__PROBLEM REQUIREMENTS__: Starting at the line below holding "Idli stand inside" and stopping at the line holding "An Edwardian adjustable", print every line exactly, both ends included, and leave the rest out.

__RECORDS SHOWN__:
────────────────

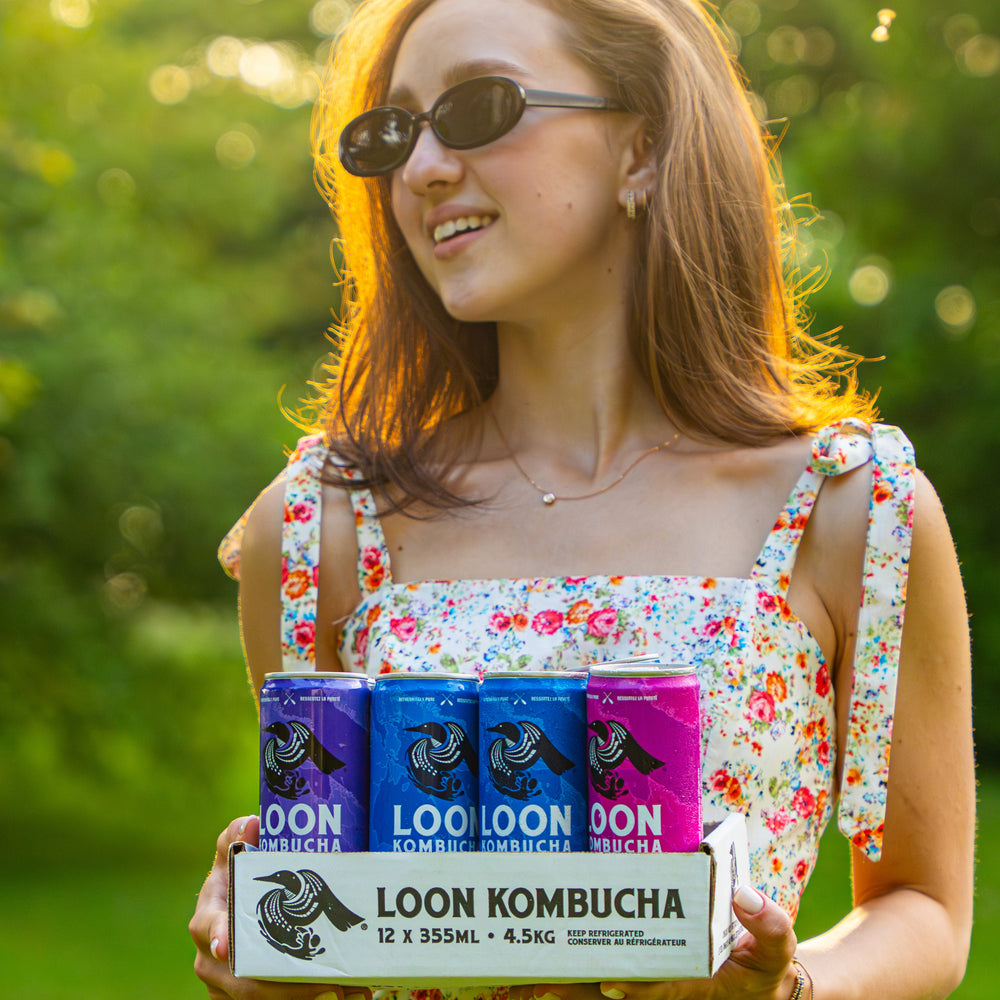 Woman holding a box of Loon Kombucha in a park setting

────────────────

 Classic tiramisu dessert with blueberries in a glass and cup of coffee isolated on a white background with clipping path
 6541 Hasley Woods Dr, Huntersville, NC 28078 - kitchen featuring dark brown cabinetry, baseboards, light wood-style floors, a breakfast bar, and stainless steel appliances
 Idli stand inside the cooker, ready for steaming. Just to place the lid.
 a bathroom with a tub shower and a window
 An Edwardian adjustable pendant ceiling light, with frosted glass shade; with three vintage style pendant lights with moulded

────────────────

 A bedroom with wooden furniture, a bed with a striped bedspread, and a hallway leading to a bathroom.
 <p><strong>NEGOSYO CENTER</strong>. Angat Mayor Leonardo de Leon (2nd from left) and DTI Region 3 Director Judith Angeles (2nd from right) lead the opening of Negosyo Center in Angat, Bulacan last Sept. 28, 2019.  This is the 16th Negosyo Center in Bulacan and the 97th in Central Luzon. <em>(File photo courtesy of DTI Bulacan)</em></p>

────────────────

__RESULT OF THIS TASK__:
 Idli stand inside the cooker, ready for steaming. Just to place the lid.
 a bathroom with a tub shower and a window
 An Edwardian adjustable pendant ceiling light, with frosted glass shade; with three vintage style pendant lights with moulded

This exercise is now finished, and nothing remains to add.